**Source material:**

⟨

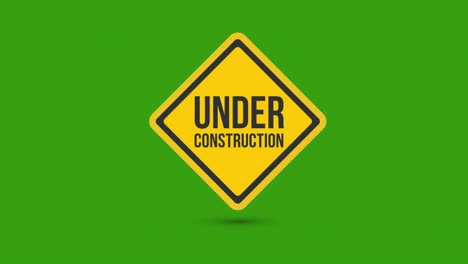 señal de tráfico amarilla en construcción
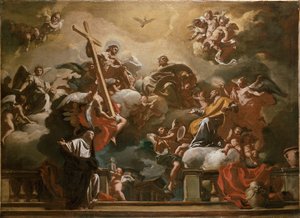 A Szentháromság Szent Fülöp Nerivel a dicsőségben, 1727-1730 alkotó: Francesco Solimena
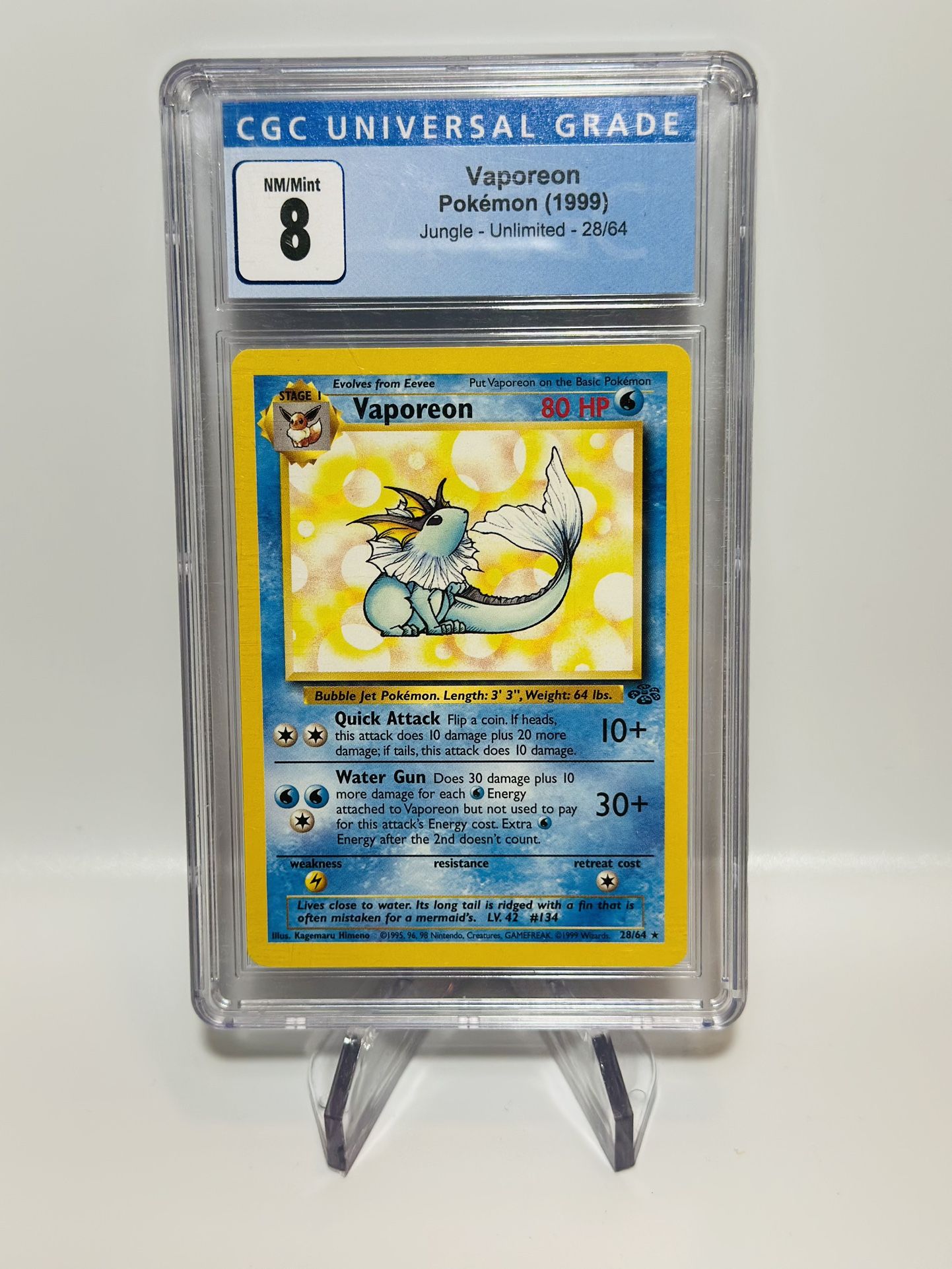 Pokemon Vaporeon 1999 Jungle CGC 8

⟩
⟨

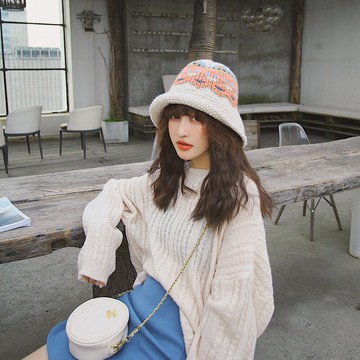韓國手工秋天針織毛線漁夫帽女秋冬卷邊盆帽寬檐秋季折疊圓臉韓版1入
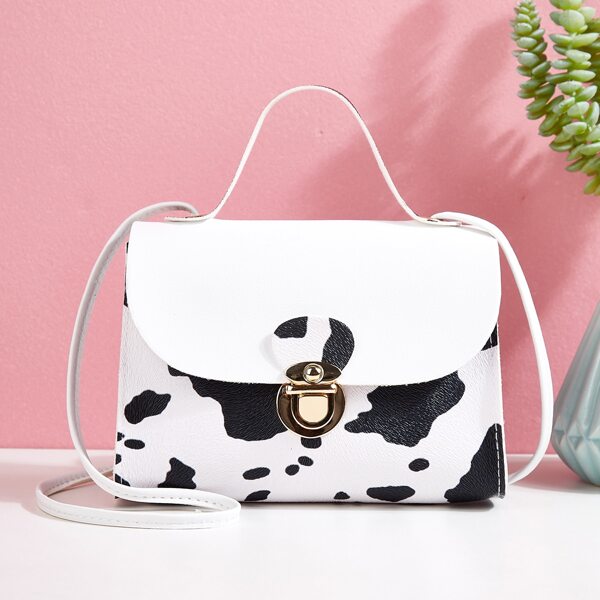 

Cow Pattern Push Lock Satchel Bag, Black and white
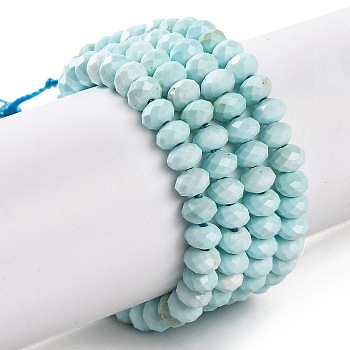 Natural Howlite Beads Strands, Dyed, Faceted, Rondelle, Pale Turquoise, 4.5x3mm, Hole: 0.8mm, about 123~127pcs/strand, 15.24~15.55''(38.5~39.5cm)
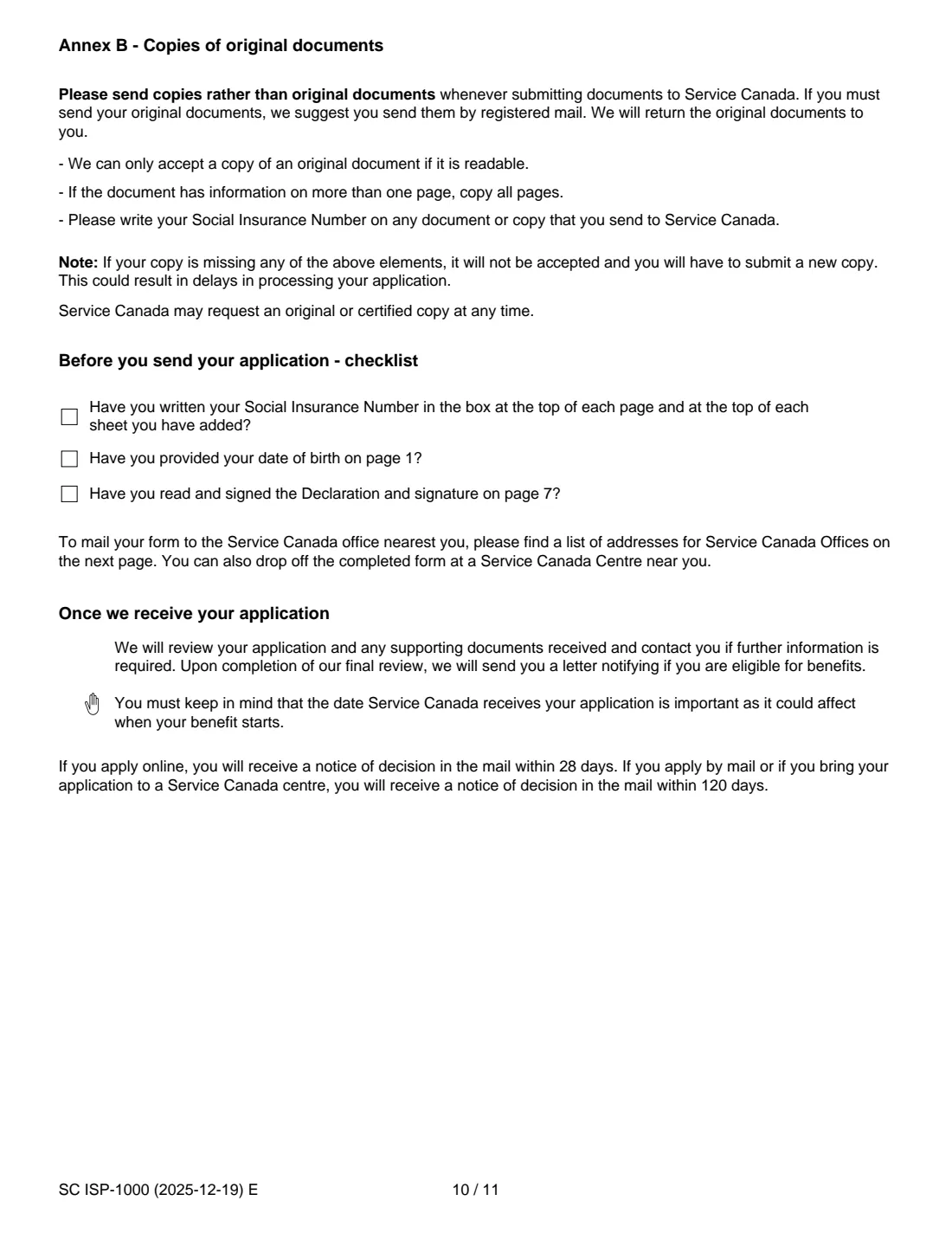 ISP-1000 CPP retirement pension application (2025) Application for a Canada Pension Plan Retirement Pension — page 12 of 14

⟩
⟨

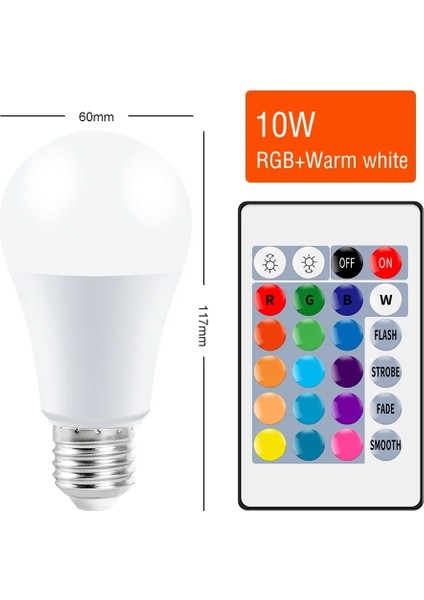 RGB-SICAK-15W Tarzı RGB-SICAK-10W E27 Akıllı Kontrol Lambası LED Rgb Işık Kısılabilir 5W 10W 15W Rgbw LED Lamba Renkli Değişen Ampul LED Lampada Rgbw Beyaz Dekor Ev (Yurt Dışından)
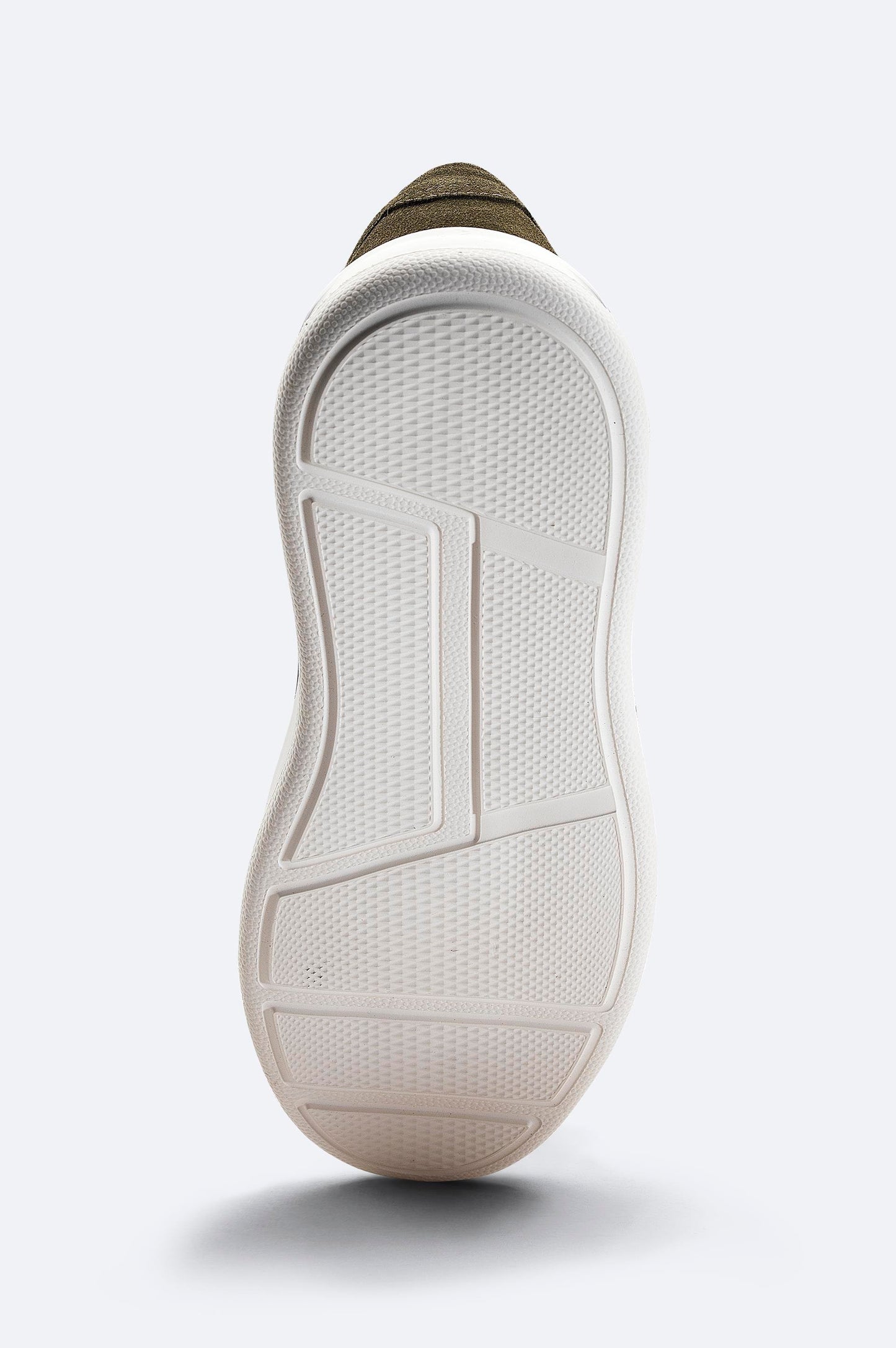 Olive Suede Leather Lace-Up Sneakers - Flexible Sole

⟩

**Problem statement:**
The answer should consist only of the lines above from the one with "RGB-SICAK-15W Tarzı RGB-SICAK-10W" through the one with "Olive Suede Leather", repeated exactly, with no pictures among them.

**Problem solution:**
 RGB-SICAK-15W Tarzı RGB-SICAK-10W E27 Akıllı Kontrol Lambası LED Rgb Işık Kısılabilir 5W 10W 15W Rgbw LED Lamba Renkli Değişen Ampul LED Lampada Rgbw Beyaz Dekor Ev (Yurt Dışından)
 Olive Suede Leather Lace-Up Sneakers - Flexible Sole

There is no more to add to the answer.